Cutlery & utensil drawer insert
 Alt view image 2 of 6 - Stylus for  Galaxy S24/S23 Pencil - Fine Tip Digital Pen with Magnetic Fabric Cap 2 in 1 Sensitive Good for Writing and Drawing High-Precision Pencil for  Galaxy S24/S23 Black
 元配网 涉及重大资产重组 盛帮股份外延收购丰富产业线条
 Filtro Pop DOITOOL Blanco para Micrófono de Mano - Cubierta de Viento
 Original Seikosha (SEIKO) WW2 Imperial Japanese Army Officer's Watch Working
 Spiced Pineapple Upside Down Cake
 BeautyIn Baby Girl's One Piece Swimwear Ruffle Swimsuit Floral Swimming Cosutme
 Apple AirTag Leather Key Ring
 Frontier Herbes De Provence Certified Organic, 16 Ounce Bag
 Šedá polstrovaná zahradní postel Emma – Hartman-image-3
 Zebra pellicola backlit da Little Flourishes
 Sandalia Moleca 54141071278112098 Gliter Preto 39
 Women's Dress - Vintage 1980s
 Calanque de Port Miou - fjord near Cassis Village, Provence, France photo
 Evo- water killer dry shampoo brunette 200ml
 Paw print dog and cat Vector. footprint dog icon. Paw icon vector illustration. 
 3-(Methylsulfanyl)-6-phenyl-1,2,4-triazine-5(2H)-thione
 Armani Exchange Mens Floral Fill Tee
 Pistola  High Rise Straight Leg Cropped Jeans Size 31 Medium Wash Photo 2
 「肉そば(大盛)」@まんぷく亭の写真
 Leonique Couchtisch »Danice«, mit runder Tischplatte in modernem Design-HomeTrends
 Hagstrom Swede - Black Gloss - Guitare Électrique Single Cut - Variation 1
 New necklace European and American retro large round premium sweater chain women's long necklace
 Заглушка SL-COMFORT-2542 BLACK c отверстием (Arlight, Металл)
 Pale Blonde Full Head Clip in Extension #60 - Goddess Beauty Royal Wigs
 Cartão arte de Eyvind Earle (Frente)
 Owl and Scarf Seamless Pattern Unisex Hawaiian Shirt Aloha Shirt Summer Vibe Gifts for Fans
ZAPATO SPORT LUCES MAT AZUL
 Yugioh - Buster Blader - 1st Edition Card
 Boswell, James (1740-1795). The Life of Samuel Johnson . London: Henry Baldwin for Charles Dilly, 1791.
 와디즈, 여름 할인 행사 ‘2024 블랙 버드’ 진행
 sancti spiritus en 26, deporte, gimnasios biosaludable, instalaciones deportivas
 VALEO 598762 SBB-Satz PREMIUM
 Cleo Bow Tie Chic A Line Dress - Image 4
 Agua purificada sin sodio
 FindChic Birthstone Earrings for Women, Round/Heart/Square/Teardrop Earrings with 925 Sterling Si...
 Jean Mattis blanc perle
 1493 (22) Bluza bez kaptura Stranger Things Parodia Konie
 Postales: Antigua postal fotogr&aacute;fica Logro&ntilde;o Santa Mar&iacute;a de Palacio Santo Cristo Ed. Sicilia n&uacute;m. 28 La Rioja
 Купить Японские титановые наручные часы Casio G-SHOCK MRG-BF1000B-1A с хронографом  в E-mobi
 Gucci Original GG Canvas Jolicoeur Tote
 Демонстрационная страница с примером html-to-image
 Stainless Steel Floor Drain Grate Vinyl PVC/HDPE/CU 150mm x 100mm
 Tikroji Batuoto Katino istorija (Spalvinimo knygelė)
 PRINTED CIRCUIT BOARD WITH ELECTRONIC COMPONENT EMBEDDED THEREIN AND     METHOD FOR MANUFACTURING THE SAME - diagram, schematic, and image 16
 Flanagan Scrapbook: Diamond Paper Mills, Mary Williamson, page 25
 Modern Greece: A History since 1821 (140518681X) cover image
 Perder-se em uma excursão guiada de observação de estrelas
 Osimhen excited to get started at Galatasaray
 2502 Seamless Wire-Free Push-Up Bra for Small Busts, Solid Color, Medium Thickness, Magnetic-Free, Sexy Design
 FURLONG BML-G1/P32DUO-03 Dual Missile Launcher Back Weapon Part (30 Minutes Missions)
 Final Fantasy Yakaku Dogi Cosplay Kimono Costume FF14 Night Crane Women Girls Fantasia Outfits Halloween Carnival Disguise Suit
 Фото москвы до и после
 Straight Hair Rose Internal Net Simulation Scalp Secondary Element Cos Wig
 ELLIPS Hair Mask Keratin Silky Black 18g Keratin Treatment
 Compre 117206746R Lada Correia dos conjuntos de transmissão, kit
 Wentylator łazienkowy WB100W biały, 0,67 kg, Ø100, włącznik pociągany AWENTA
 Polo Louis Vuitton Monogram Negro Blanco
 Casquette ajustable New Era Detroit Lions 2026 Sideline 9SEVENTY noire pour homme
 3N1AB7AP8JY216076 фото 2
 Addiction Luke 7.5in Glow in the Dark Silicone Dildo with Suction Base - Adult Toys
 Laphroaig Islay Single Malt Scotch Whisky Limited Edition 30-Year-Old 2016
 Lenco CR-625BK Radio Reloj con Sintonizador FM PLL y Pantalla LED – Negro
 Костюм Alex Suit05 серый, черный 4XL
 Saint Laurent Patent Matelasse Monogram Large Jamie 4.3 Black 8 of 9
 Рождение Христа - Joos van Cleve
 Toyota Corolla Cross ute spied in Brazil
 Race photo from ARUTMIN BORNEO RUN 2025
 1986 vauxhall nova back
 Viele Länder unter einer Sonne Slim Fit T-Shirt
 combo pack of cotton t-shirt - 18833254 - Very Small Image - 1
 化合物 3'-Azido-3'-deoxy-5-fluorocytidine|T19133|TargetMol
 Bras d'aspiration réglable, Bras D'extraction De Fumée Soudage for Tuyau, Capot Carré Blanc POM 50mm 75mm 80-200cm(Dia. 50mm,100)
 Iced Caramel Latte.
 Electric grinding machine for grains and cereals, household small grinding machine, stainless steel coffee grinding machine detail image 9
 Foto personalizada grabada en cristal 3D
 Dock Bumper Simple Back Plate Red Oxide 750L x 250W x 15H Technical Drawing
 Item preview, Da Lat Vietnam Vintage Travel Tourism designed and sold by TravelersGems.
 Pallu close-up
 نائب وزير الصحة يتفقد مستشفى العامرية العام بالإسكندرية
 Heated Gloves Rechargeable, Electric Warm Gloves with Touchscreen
====================
> [WHAT THE TASK REQUIRES]: Where the material contains a line with "Blanco", return that line.

> [ANSWER SPACE]:
 Filtro Pop DOITOOL Blanco para Micrófono de Mano - Cubierta de Viento
 Polo Louis Vuitton Monogram Negro Blanco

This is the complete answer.